Sobre nossos filhos nos lembrarem do que importa

Sobre nossos filhos nos  lembrarem do que importa


“Meu nome é Antonella Corradi. Mas pode me chamar de Tontom”. É desse jeitinho. Aos cinco anos de idade. Proativamente. Sem ninguém mandar. Espontaneamente. Mas sobretudo, como lhe é afeito; de maneira extremamente amorosa.

Sem a prática, qualquer ensinamento se esvai gradualmente. Um filho nos ensina no ato do nascimento sobre a prioridade de que apenas escutávamos até aquele momento. A prioridade das coisas que realmente são importantes, nesta dádiva de Deus, a que chamamos vida terrena. Mas é sem dúvida nas tardes mais comuns, quando o peso de todos os problemas me parece fazer se esquecer disso, que meu tiquinho de gente, caçula, ancora minha percepção no lugar correto. Uma aproximação despretensiosa. Uma encostadinha de lado, como que testando se vai conseguir a atenção do pai. E minha Antonella, que completou 5 anos neste dia seis de março, solta um sorriso embalado: “Papai, você é tão quentinho...”. Segue-se um beijinho dentro do abraço mais seguro do planeta Terra. E o retorno à brincadeira de bonecas, na mesma naturalidade com que ela foi interrompida. Meu Senhor presenteia-me com a oportunidade de viver isso numa frequência de felicidade verdadeira muito maior do que eu jamais imaginei. Afinal, sempre acreditei que os tesouros maiores eram longínquos. Até perceber, na doçura da Tontom, que é minha incompetência em cultivar ensinamento tão óbvio que desvia meu olhar do lugar correto.

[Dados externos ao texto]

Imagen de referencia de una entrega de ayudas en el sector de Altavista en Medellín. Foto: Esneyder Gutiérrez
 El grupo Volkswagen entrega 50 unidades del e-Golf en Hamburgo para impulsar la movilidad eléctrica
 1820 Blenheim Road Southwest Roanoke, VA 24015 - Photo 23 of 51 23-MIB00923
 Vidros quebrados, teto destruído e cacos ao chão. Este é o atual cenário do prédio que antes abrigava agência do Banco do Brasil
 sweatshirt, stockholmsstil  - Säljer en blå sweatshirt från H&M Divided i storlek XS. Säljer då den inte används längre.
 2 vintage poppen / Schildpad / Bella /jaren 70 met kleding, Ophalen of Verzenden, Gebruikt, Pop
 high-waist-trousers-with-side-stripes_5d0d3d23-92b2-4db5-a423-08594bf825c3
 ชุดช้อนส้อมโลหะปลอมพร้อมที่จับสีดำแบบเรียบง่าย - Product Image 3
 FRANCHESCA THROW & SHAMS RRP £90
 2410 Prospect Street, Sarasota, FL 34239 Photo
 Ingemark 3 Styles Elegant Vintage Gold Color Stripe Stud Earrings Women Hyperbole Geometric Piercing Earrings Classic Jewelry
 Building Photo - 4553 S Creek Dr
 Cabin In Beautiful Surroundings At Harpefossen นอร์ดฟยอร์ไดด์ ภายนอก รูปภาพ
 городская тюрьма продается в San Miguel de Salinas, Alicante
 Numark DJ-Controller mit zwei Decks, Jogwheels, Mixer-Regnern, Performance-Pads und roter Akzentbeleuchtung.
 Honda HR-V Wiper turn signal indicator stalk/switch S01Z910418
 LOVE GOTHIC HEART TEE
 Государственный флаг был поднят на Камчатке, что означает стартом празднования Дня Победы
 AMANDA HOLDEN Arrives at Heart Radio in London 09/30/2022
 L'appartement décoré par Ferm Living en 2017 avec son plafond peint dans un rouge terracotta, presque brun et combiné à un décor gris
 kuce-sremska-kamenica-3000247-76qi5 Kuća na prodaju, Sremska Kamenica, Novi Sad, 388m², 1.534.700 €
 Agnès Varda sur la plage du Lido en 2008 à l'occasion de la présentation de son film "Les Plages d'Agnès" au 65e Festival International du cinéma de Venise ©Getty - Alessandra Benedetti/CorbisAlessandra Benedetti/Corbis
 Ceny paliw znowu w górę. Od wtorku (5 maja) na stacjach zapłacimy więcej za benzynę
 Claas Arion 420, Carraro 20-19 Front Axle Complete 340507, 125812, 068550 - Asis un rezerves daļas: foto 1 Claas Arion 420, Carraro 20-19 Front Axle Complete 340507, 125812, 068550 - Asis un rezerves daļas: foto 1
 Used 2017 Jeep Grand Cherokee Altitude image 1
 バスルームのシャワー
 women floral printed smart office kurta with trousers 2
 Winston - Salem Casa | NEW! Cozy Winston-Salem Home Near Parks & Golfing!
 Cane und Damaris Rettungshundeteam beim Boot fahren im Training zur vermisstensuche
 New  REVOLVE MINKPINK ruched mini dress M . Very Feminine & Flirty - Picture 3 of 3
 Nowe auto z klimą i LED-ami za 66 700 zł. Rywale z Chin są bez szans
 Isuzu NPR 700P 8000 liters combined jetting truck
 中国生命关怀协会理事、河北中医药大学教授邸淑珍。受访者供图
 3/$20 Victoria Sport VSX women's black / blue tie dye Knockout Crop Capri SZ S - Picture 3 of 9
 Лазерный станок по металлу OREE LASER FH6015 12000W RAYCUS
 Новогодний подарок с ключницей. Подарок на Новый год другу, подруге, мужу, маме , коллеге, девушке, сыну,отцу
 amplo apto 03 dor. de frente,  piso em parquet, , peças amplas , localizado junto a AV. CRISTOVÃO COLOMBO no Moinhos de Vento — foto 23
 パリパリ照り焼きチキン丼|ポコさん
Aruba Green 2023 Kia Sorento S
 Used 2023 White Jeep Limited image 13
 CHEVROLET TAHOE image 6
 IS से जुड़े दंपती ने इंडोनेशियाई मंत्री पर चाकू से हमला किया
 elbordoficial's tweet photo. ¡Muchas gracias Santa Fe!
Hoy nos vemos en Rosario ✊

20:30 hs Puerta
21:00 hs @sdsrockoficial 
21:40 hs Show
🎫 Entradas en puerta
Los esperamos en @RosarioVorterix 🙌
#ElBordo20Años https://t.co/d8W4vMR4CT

Quando os filhos são novinhos, é comum acharmos que nós deitamos em seus travesseiros para provar que o monstro debaixo da cama é pequeno perante suas coragens. Na verdade, o que deixamos escapar é o fato de que nestes mesmos instantes eles é que estão nos provando que os monstros revestidos de problemas da vida adulta são minúsculos. Perante a importância do amor que eles nos ensinam.

Algumas pessoas costumam se perguntar como era possível um mundo sem celular. Algo inimaginável até para quem viveu a época do orelhão. Eu me pergunto com franqueza como seria possível simplesmente ser, sem o barulho da Tontom pela casa. Cinco anos de uma filhinha são a verdadeira reforma filosófica em qualquer cosmovisão masculina que se achava sabedor dos próprios desígnios. Deus é bom demais para me permitir flertar com a Face Beatífica, em cada olhar da minha pequena. É aquela história: aprendi recente por que Deus Pai nunca revelou Sua Face para nós viventes humanos. Achei a explicação boa demais. Afinal, o conceito de Amor pressupõe uma escolha. Uma obrigatoriedade confronta a liberdade, que é raiz do conceito de Amor. A Visão Beatífica da Face de Deus Pai seria tão perfeita que a nós não caberia outra opção, senão amá-lo. Assim, passamos nossa existência terrena com a principal missão de aprender a amar Nosso Criador – a fim de sermos brindados com isso na eternidade do Céu. Linda explicação. Mas sucumbo no meu pensar: qual outra opção a paternidade me oferece quando minha Tontom derrama uma mistura de confiança e espontaneidade no meu colo de pai? Impossível não pensar na inescapabilidade da Visão Beatífica.

A vida no seu formato mais genuíno. As prioridades deste mundo confuso explicadas sem uma única palavra. Todos os livros jamais escritos sobre felicidade resumidos na mera presença de alguém, cujo único propósito é nos lembrar, sem querer, como a Vida (com maiúscula neste caso) é sobre um sorriso. E tudo que ele nos mostrar ser pequeno.

Obrigado por ser minha filha, Antonella. Papai é que comemora cinco anos como seu aprendiz.